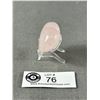 Image 2 : Rose Quart Heart MSRP $120.00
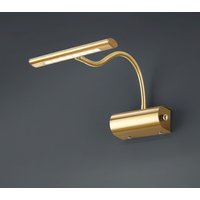 LED Wandleuchte CURTIS in Messing matt LED Wandleuchte CURTIS in Messing matt von Trio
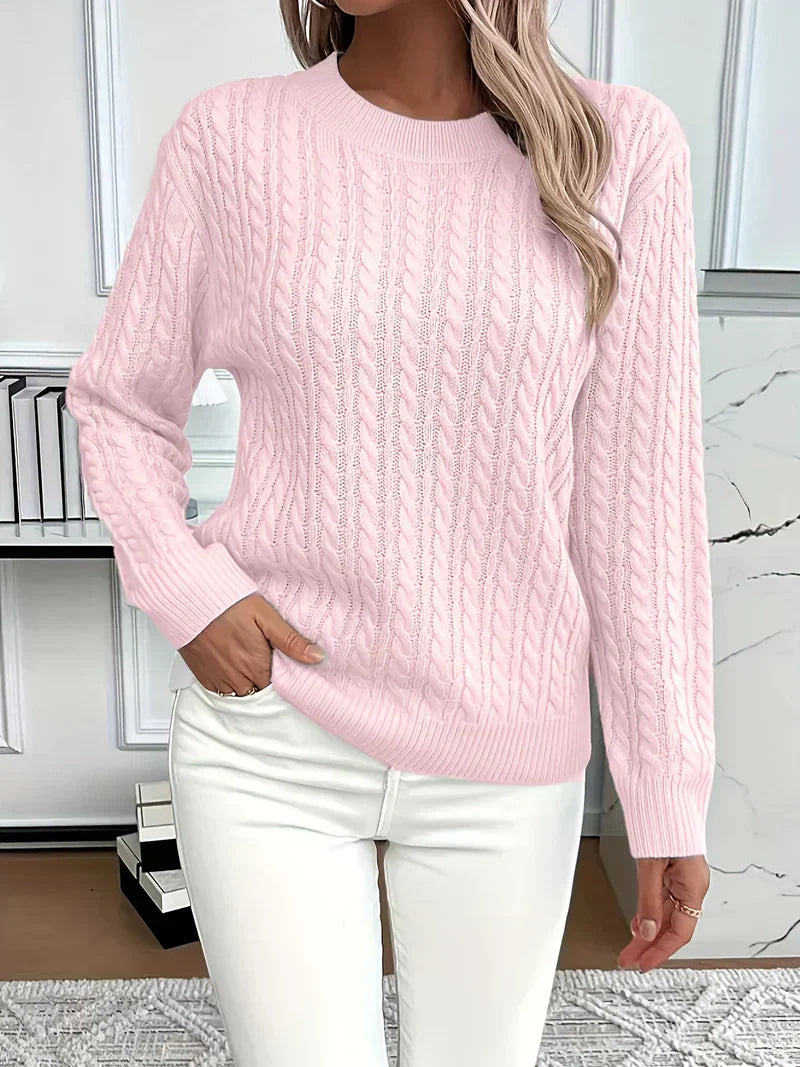 Lena | Cable Knit Sweater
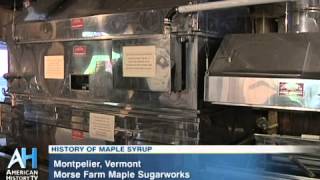 C-SPAN Cities Tour - Montpelier: Morse Farm Maple Sugarworks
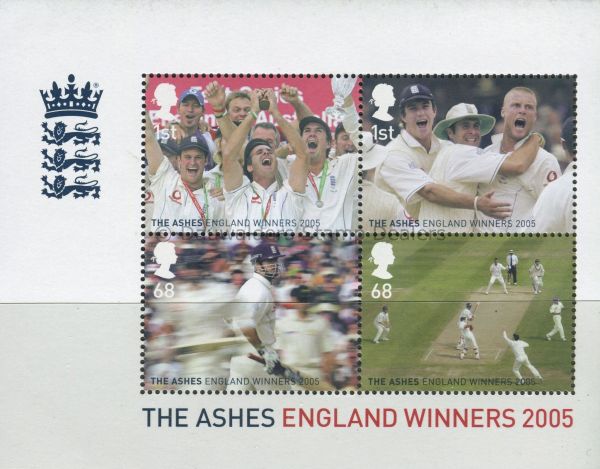 SGMS2573 Cricket 2005 England's Ashes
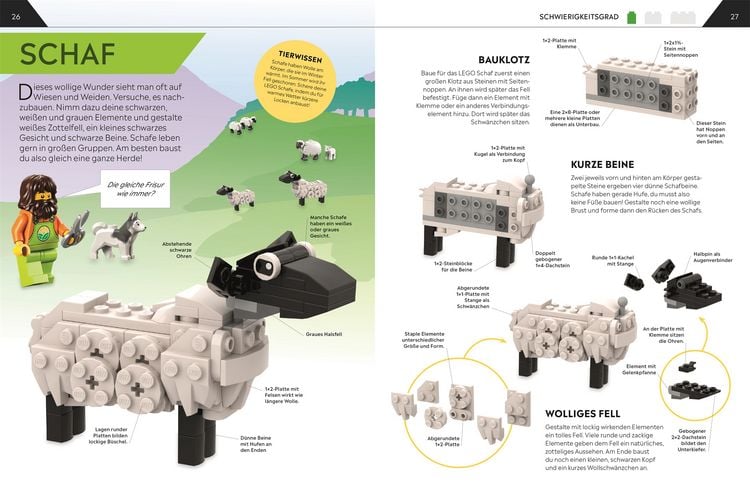 Produktbild: LEGO&reg; Bauideen Tiere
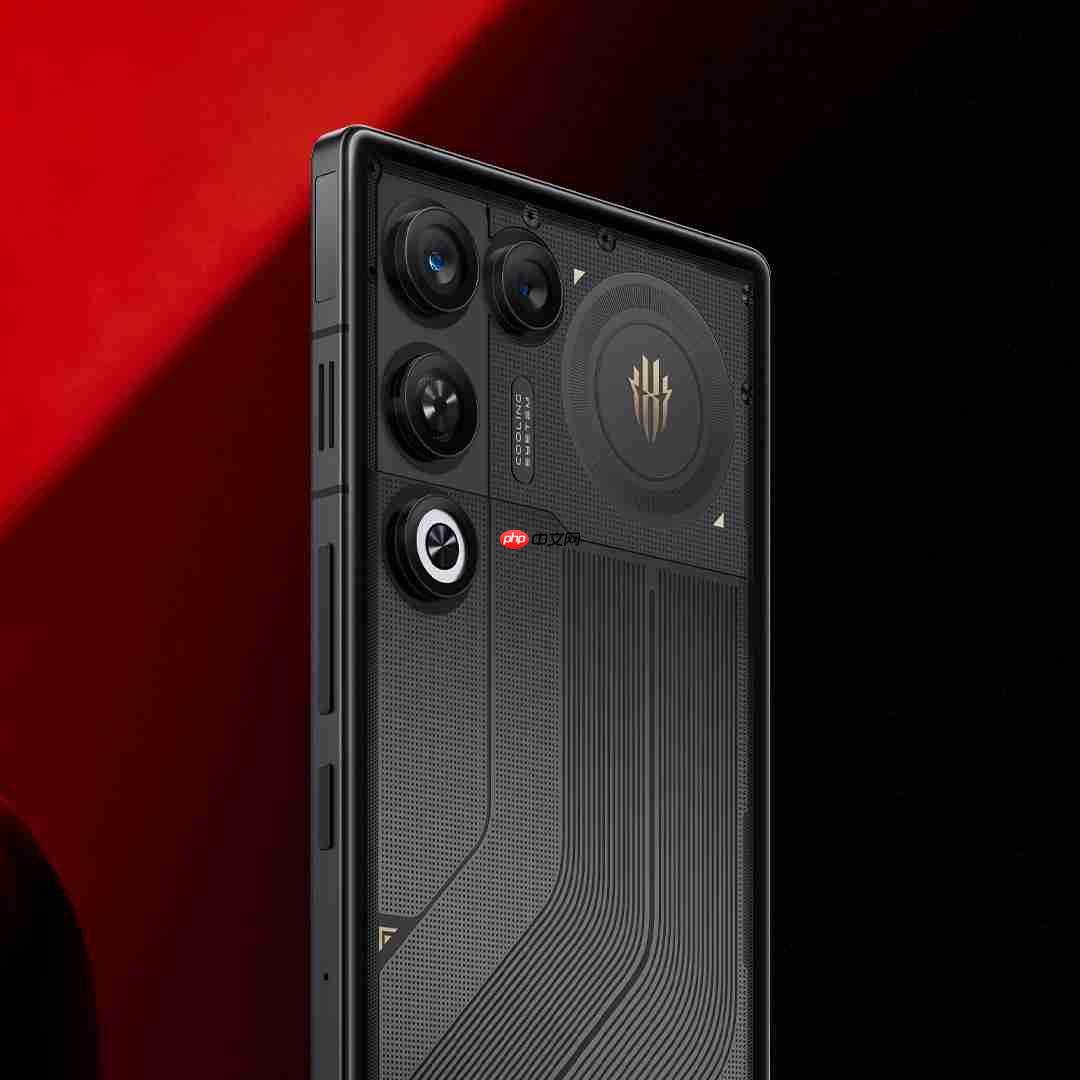 透明面板、风扇全面回归！红魔11 Air外观出炉  第6张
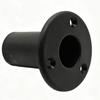 Pontoon Ladder Insert Plugs Removable Pontoon Ladder Insert Cup for Ship Ladder Accessories Black 1 1 4 Inch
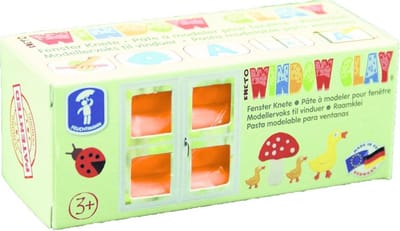 KNETO Raamklei - staaf 150 gram - oranje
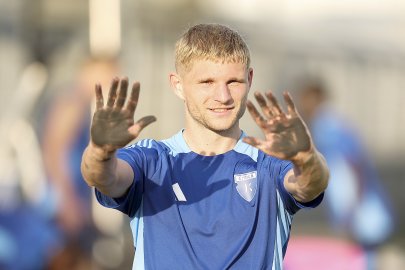 Kickers Emden im Training - Bild 2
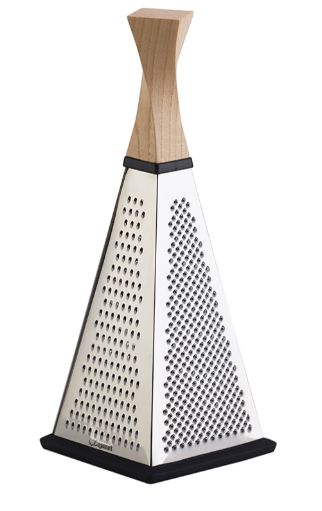 TWIST - RAPE PYRAMIDE MULTIFONCTION 12X12X31 CM - LEGNOART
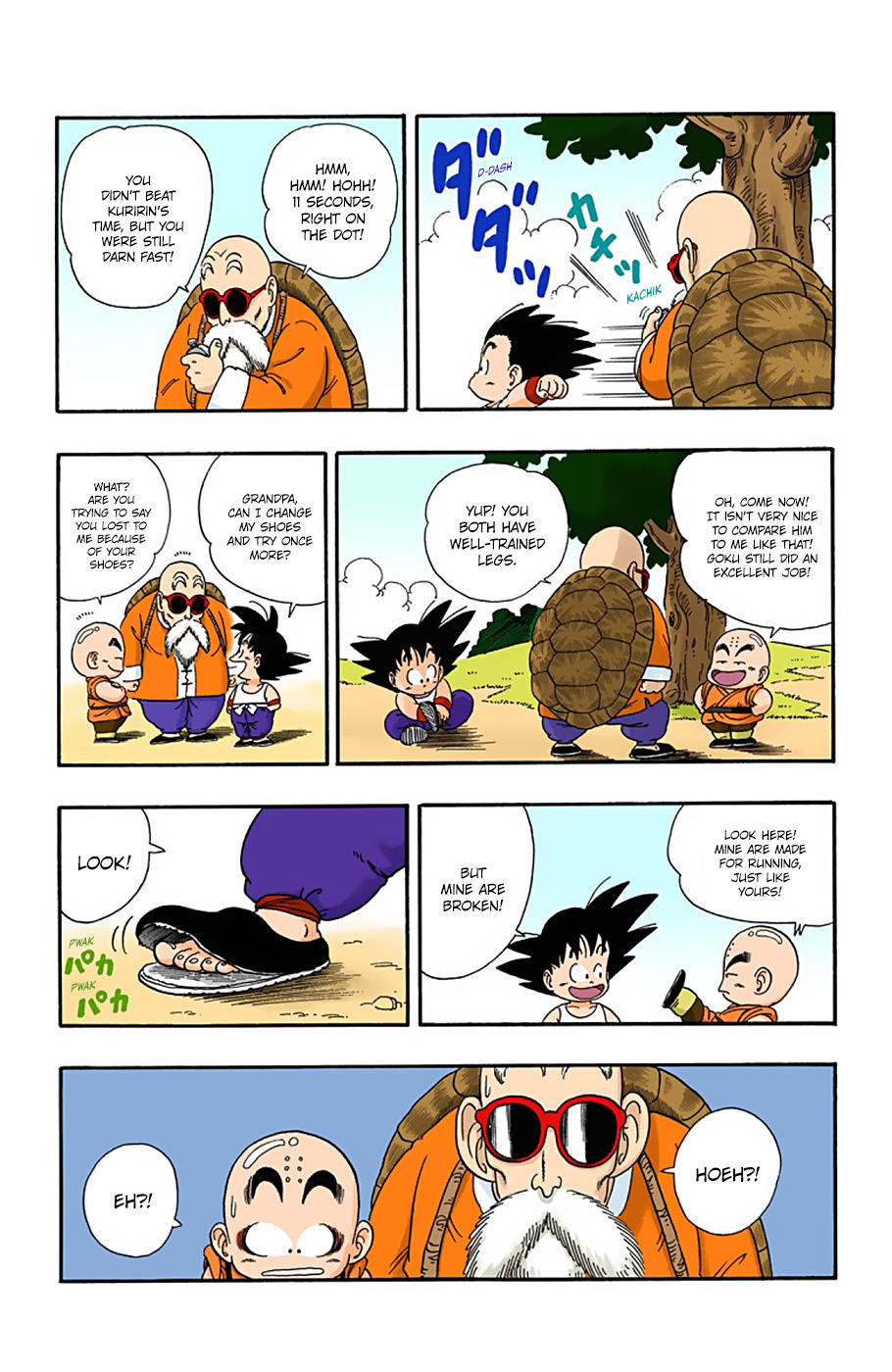 Dragon Ball - Full Color Edition Vol.3 Chapter 28: Training Begins!! page 10 - Mangakakalot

^^^^^^^^^^^^^^^^

### [Work to complete]
Your answer must restate the entries word for word and contain no pictures.

### [Exercise output]
 Image 2 : Rose Quart Heart MSRP $120.00
 LED Wandleuchte CURTIS in Messing matt LED Wandleuchte CURTIS in Messing matt von Trio
 Lena | Cable Knit Sweater
 C-SPAN Cities Tour - Montpelier: Morse Farm Maple Sugarworks
 SGMS2573 Cricket 2005 England's Ashes
 Produktbild: LEGO&reg; Bauideen Tiere
 透明面板、风扇全面回归！红魔11 Air外观出炉  第6张
 Pontoon Ladder Insert Plugs Removable Pontoon Ladder Insert Cup for Ship Ladder Accessories Black 1 1 4 Inch
 KNETO Raamklei - staaf 150 gram - oranje
 Kickers Emden im Training - Bild 2
 TWIST - RAPE PYRAMIDE MULTIFONCTION 12X12X31 CM - LEGNOART
 Dragon Ball - Full Color Edition Vol.3 Chapter 28: Training Begins!! page 10 - Mangakakalot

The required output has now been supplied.